Dataset items:
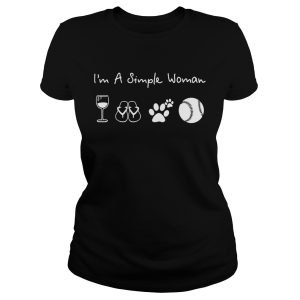 I'm a simple woman I love wine flip flop dog paw and baseball shirt 3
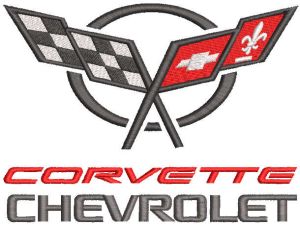Chevrolet Corvette with flag logo embroidery design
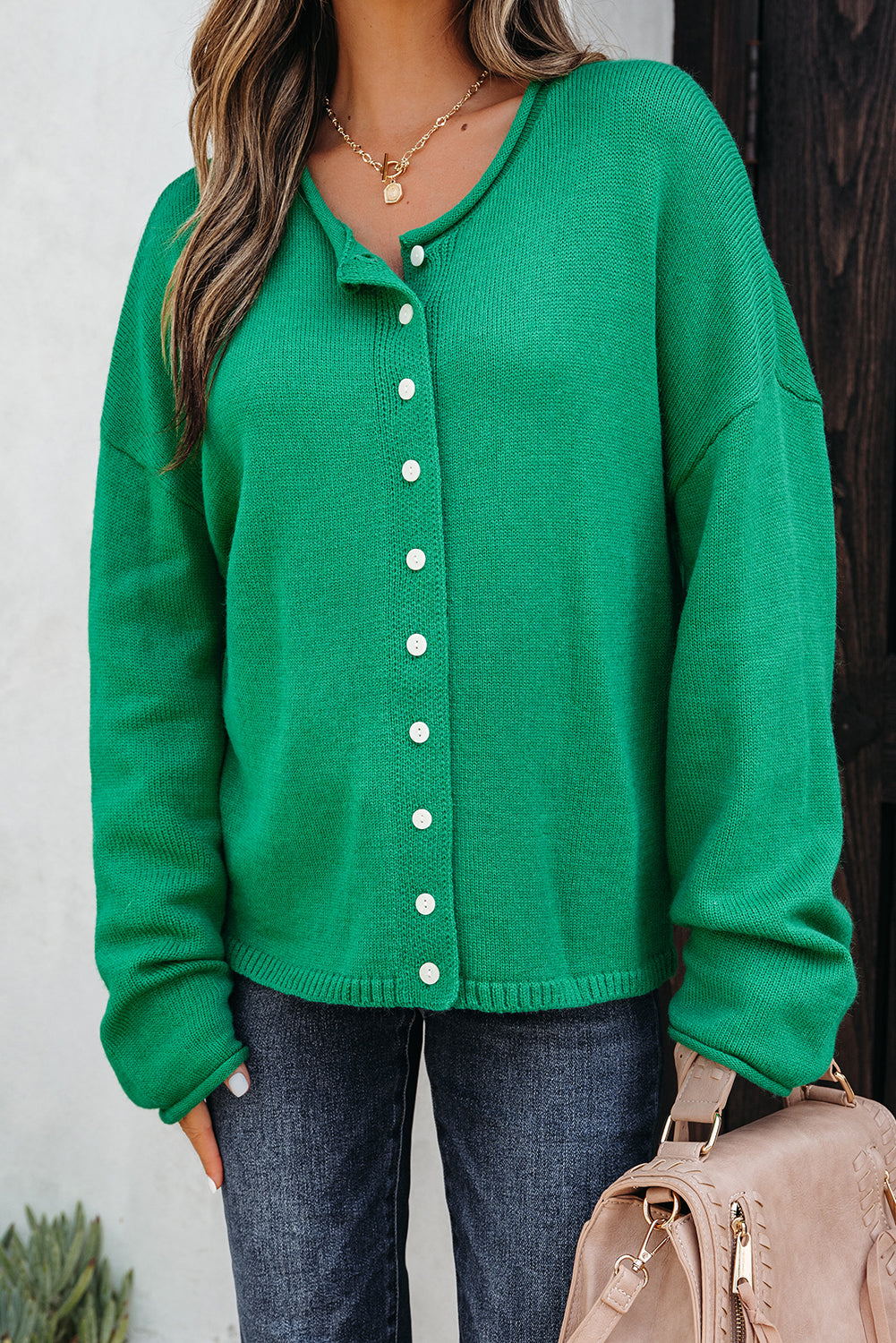 Bright Green Knit Cardigan For Trendy Styles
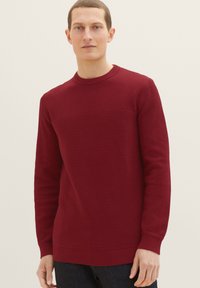TOM TAILOR Striktrøje - dunkelrot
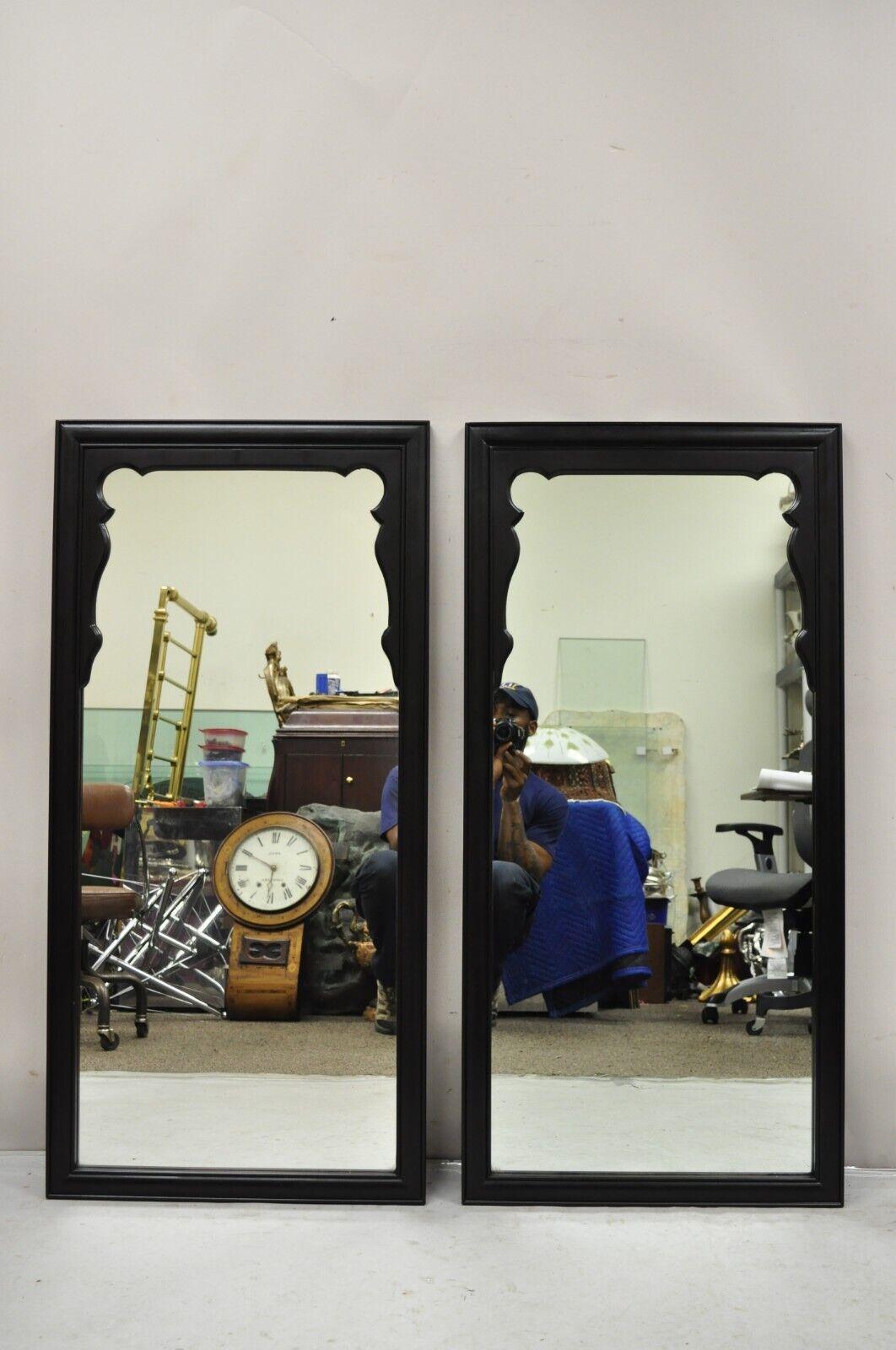 Vintage Black Chinoiserie Chinese Style Carved Wood Frame Wall Mirrors - a Pair 4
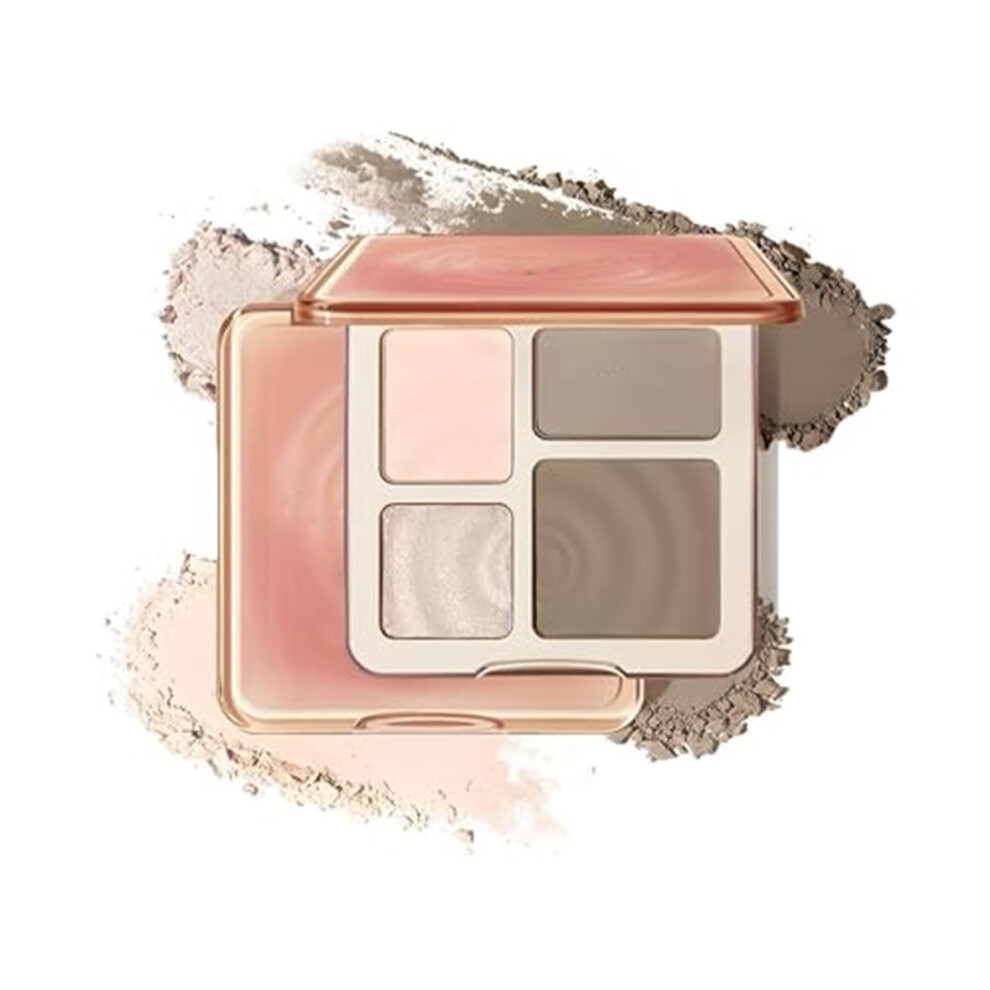 2 in 1 Highlighter and Contour Palette, Waterproof LongLasting Shimmer and Matte Bronzer Kit (01#)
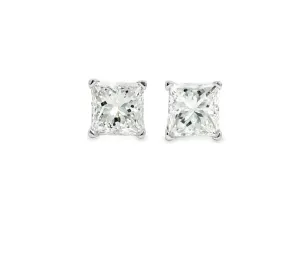 14K White Gold Princess Cut Diamond Stud Earrings - .83ctw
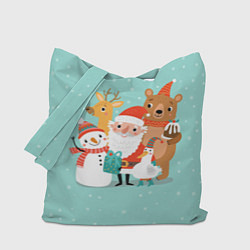 Сумка-шопер Звери и Дед Мороз, цвет: 3D-принт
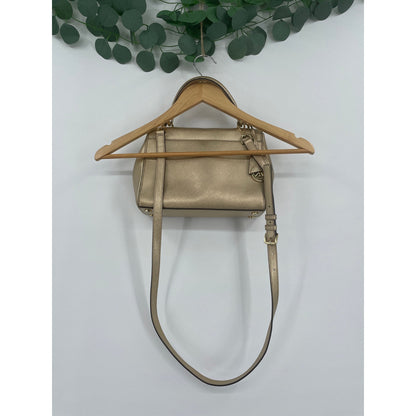 Michael Kors Metalic Gold Small Ava Satchel Crossbody Saffiano Leather Handbag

WORK REQUIRED: Each entry above is to be written out exactly. The pictures stay out.

RESPONSE TO THIS TASK:
 I'm a simple woman I love wine flip flop dog paw and baseball shirt 3
Chevrolet Corvette with flag logo embroidery design
 Bright Green Knit Cardigan For Trendy Styles
TOM TAILOR Striktrøje - dunkelrot
 Vintage Black Chinoiserie Chinese Style Carved Wood Frame Wall Mirrors - a Pair 4
 2 in 1 Highlighter and Contour Palette, Waterproof LongLasting Shimmer and Matte Bronzer Kit (01#)
 14K White Gold Princess Cut Diamond Stud Earrings - .83ctw
 Сумка-шопер Звери и Дед Мороз, цвет: 3D-принт
 Michael Kors Metalic Gold Small Ava Satchel Crossbody Saffiano Leather Handbag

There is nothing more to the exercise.